▶ **DATA SECTION**
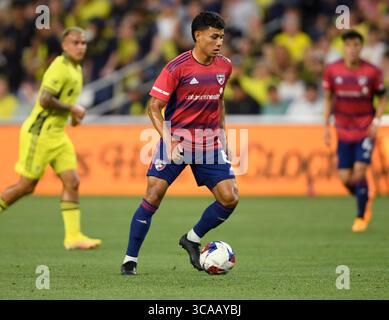10 maggio 2023: Edwin Cerrillo centrocampista del FC Dallas (6) dribbles contro il Nashville SC durante il primo tempo di una partita della MLS tra FC Dallas e Nashville SC al Geodis Park di Nashville TN Steve Roberts/CSM (Credit Image: © @ Steve Roberts/CSM via ZUMA Press Wire) Foto Stock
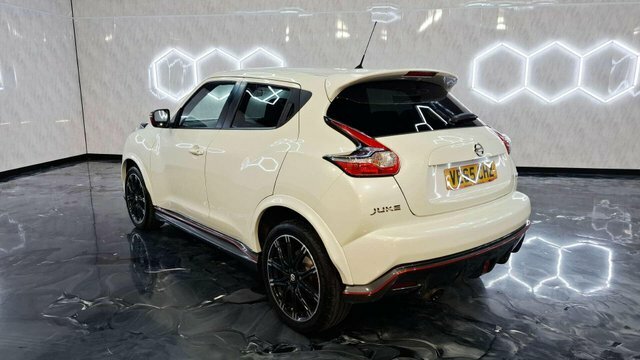 Nissan Juke 2015 1.6 Dig-t Nismo Rs Suv Euro White #4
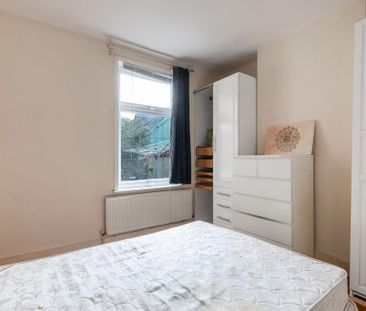 2 bedroom end of terrace house to rent - Photo 2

▶ **WHAT YOU NEED TO DO**
The material above is to be transcribed exactly, with all pictures omitted.

▶ **TASK OUTPUT**
10 maggio 2023: Edwin Cerrillo centrocampista del FC Dallas (6) dribbles contro il Nashville SC durante il primo tempo di una partita della MLS tra FC Dallas e Nashville SC al Geodis Park di Nashville TN Steve Roberts/CSM (Credit Image: © @ Steve Roberts/CSM via ZUMA Press Wire) Foto Stock
 Nissan Juke 2015 1.6 Dig-t Nismo Rs Suv Euro White #4
 2 bedroom end of terrace house to rent - Photo 2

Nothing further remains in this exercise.